While critics and fans alike justifiably lament the paucity of female leads in Broadway musicals this season just past, you need look no further than the current tour of The Color Purple for a musical filled to overflowing with noteworthy women characters. The beautiful and moving reimagination of Alice Walker's extraordinary novel of faith, despair, horror, beauty, love and redemption, The Color Purple might best be described as a woman's story, but it is, in every possible way, a human story as universal and as affecting as any work of musical theater ever created.
Earning 11 Tony Award nominations during its run on Broadway, the tour of The Color Purple returns to Nashville's Tennessee Performing Arts Center for the second time, delighting audiences while delivering yet again some of the best singing ever heard in Andrew Jackson Hall. (And, remember, this is Music City USA, where we hear good singing just about every day of the week.) The amazingly gifted cast is led by the luminous Dayna Jarae Dantzler as the iconic Celie, the downtrodden African-American woman whose struggles rival those of Job and who ultimately conquers the forces that subjugate her to achieve a level of self-awareness and grace to which we should all aspire. Giving Nashville audiences (no matter how rude they were on opening night - but more about that later) yet another opportunity to see her multi-dimensional performance, Dantzler displays an impressive acting and vocal range while completely ingratiating herself to her rapt admirers.
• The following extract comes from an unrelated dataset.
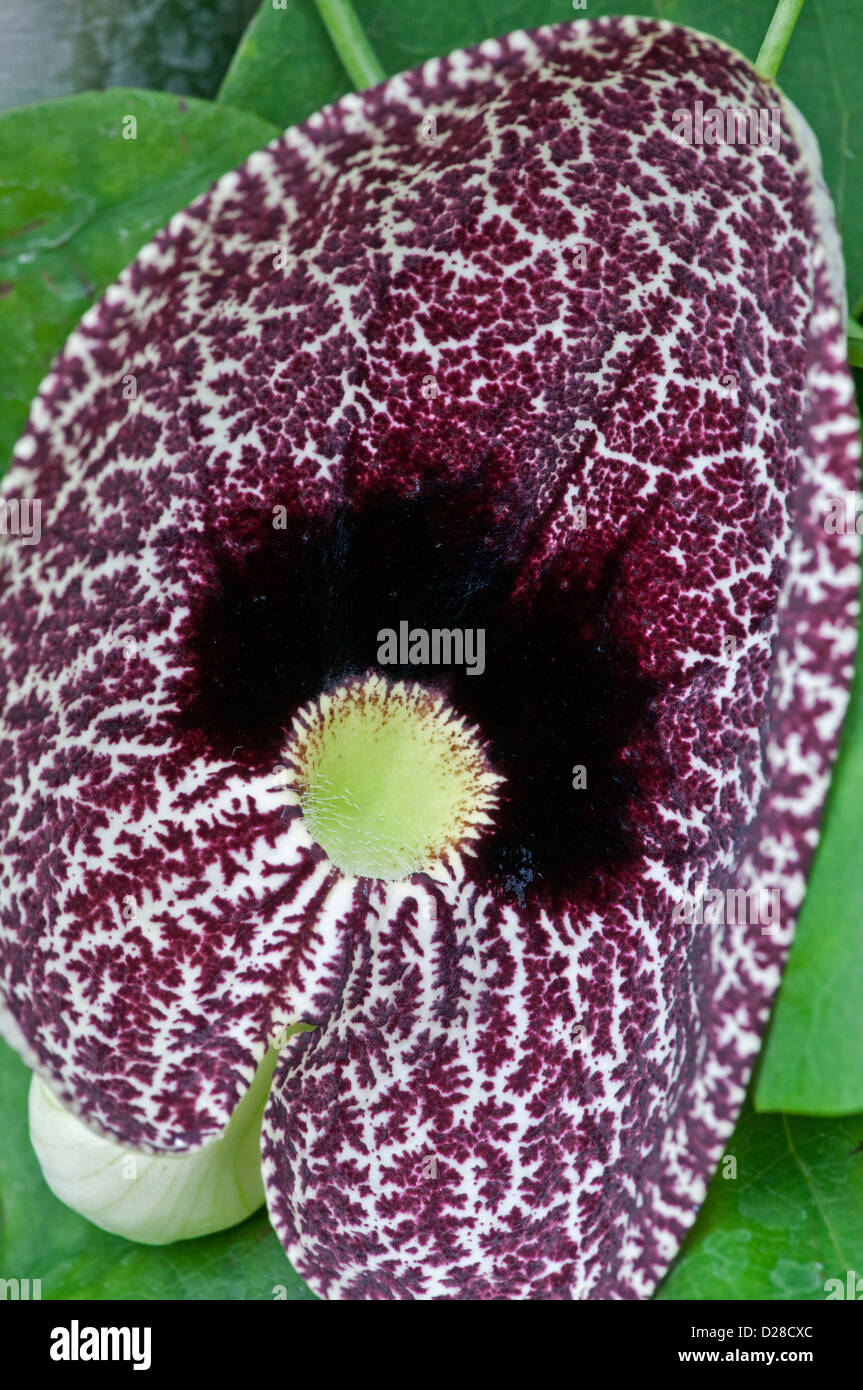 Calico Flower Aristolochia elegans Stock Photo Alamy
Anytime a beloved tome or film is transferred to the stage, the production leaves itself open to dissection and oftentimes unending criticism, yet for me at least, The Color Purple is just as successful as a musical as it was as a book or film. The music fits perfectly the time frame and the situations that are presented onstage, blending the fervor of gospel music with the flowering genres of jazz and the blues, with a soupcon of Broadway theatricality at its very best.
With a book by Pulitzer Prize-winning playwright Marsha Norman (the librettist of The Secret Garden before this), with music and lyrics by Brenda Russell, Allee Willis and Stephen Bray, the musical of The Color Purple is both loyal to - and a fresh take on - Walker's novel, a more palatable serving of the original story. While much of the truly horrific episodes from the book occur offstage and are dealt with through onstage exposition, the musical nonetheless retains enough of the gritty truths evident in the novel to remain faithful to it. And the closing scene in the musical, while more inclusive (perhaps shockingly so to devoted fans of the book and the Steven Spielberg film version - which was just as controversial at the time of its release as the musical has been) and, therefore, more uplifting (if you can imagine it), remains faithful to the spirit of the source material.
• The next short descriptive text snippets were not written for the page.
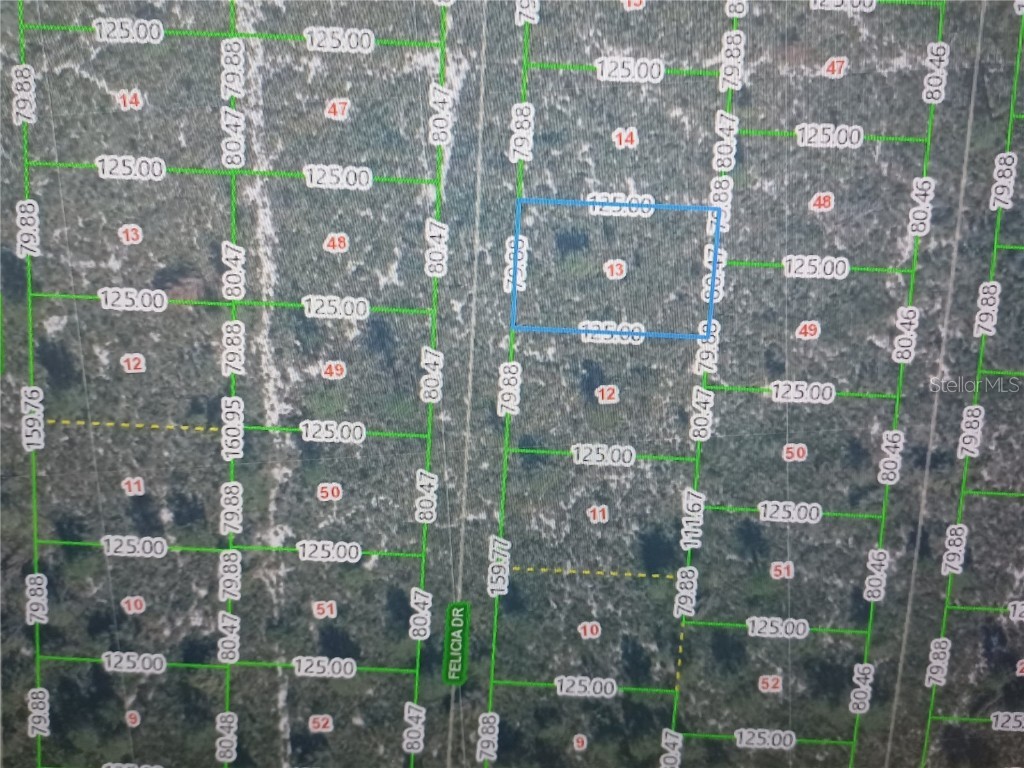 6580 Felicia Drive Sebring FL 33872 O6133457 image1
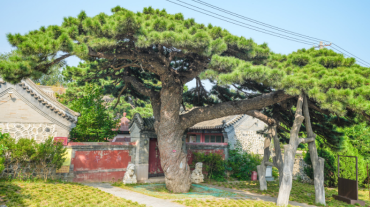 “我在北京看古树” 沉浸式审美体验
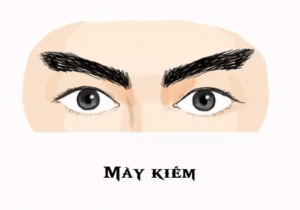 Lông mày lưỡi kiếm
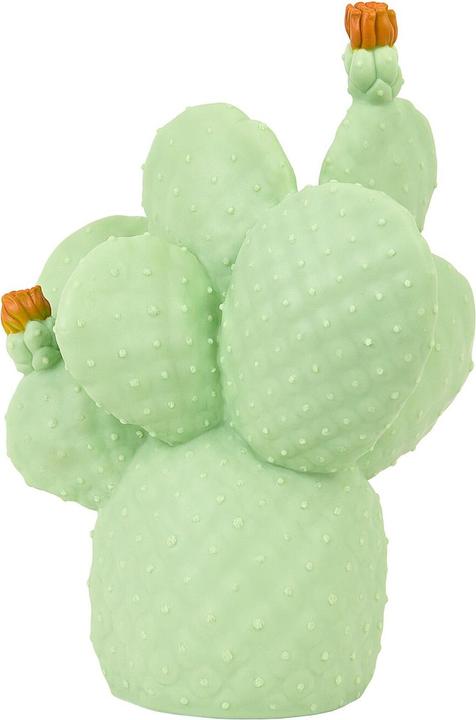 Image du produit Goodnight Light cactus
Ranging from the show opening gospel number, "Mysterious Ways," which sets the tone for the score that follows, to Celie's anthemic "I'm Here" which is the apotheosis of her journey - the show's musical score is memorable, emotionally driven and tremendously hummable (something that all-too-often is missing in contemporary musical theater scores). "Brown Betty" recalls the earliest roots of the blues idiom, while "Push Da Button" is theatrical blues at its very best. "Shug Avery is Coming to Town" and "Miss Celie's Pants" combines the best elements of several musical idioms to showcase the showtune at its finest.

Exquisitely designed by some of theater's best and brightest, who include John Lee Beatty (scenic), Paul Tazewell (costumes), Brian MacDevitt (lighting), Craig Cassidy (sound) and Charles G. LaPointe (hair), The Color Purple is a visually compelling feast, providing a sumptuous setting for the show and, most likely, giving the cast an added push in finding the philosophical and emotional center for their characters. The live music accompanying the cast is performed by an equally impressive collection of musicians under the baton of conductor Nicholas Williams.